### Assigned task
The listing below must be returned in full and unchanged, without the images it carries.

### Material provided
- Opening Delimiter -
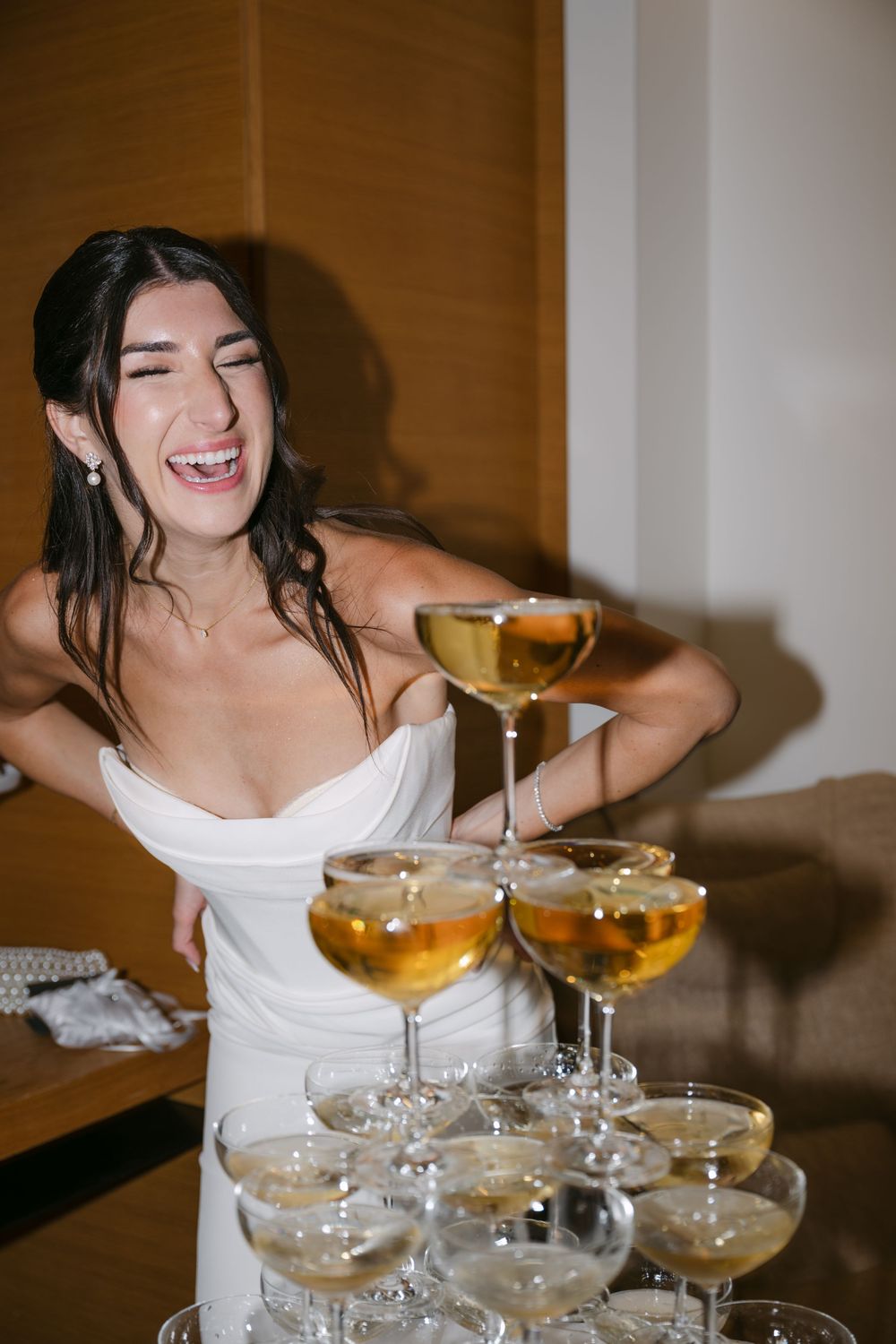 Bride in white dress laughs while posing with champagne tower at elegant wedding reception.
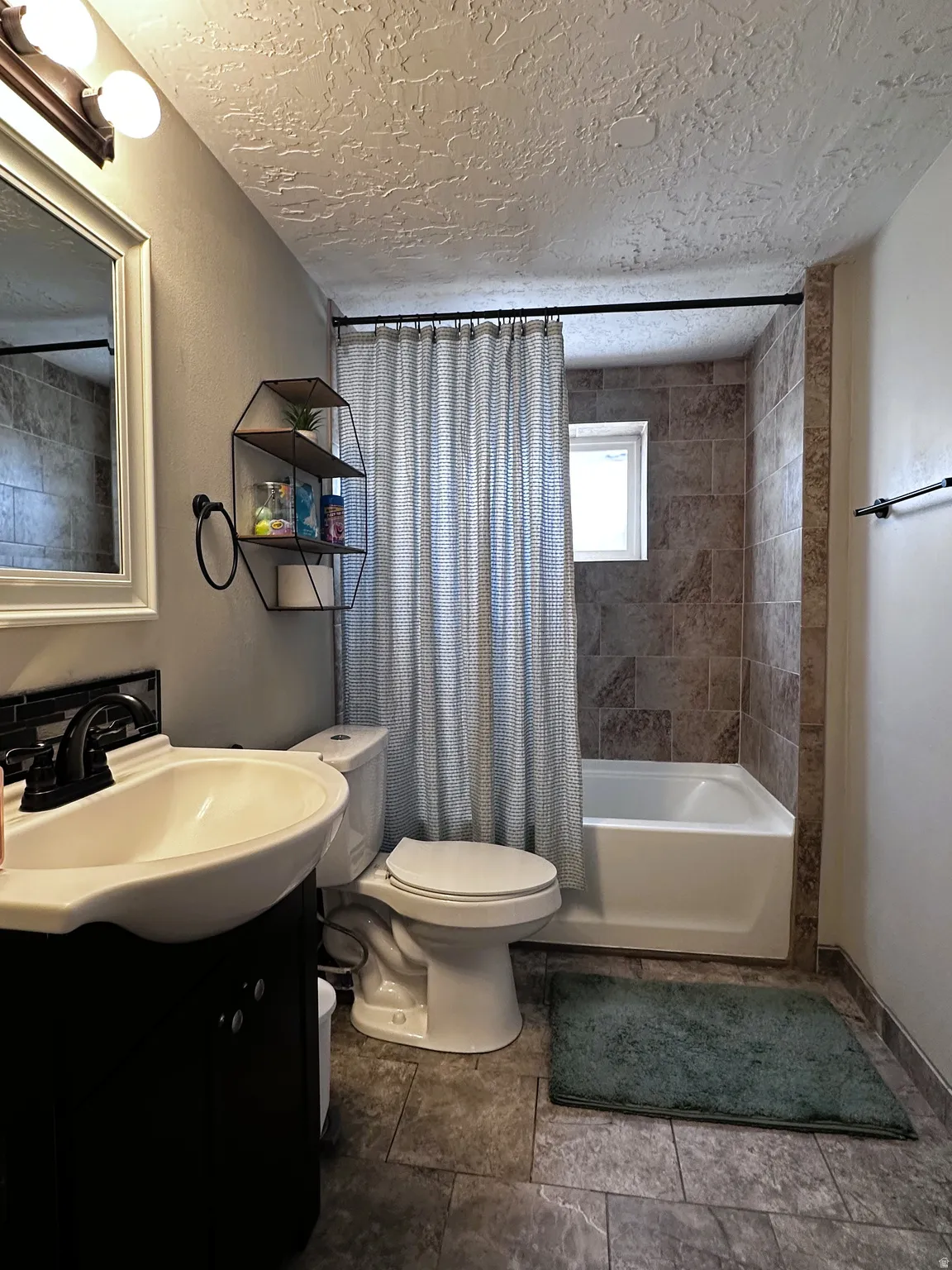 Bathroom featuring a freestanding sink, shower / tub combo located in the basement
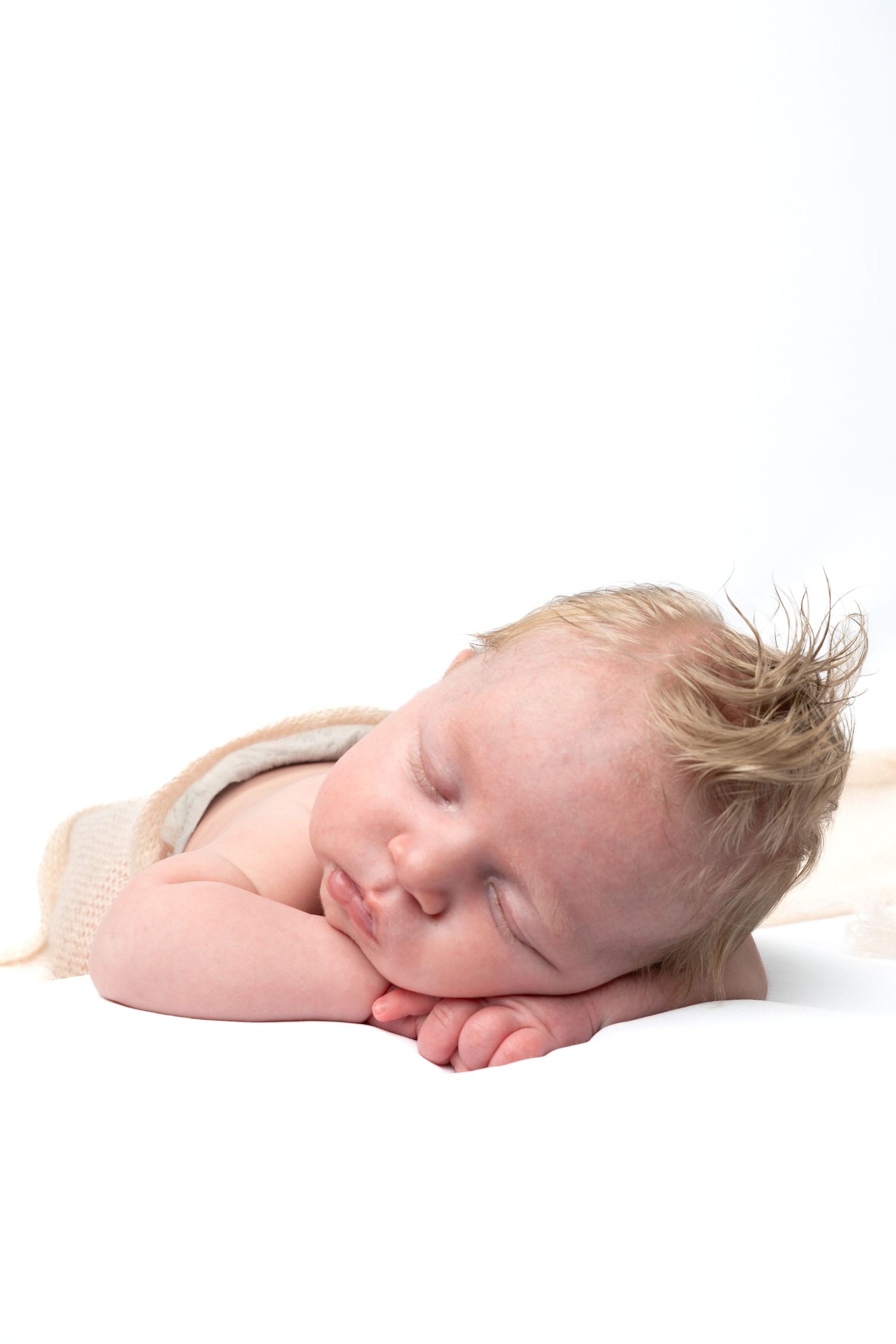 A peaceful newborn baby with blonde hair sleeping on a white background, resting cheeks on tiny hands.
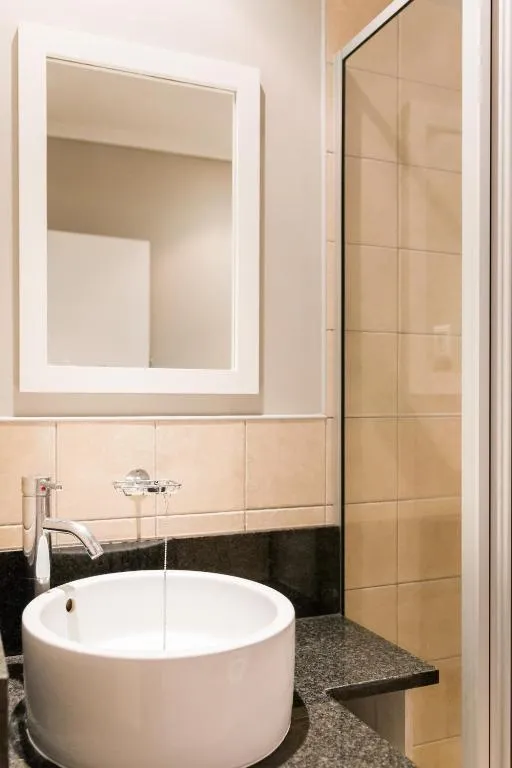 Modern bathroom with white sink black countertop mirror and beige tiled wall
- Closing Delimiter -
### Reply
 Bride in white dress laughs while posing with champagne tower at elegant wedding reception.
 Bathroom featuring a freestanding sink, shower / tub combo located in the basement
 A peaceful newborn baby with blonde hair sleeping on a white background, resting cheeks on tiny hands.
 Modern bathroom with white sink black countertop mirror and beige tiled wall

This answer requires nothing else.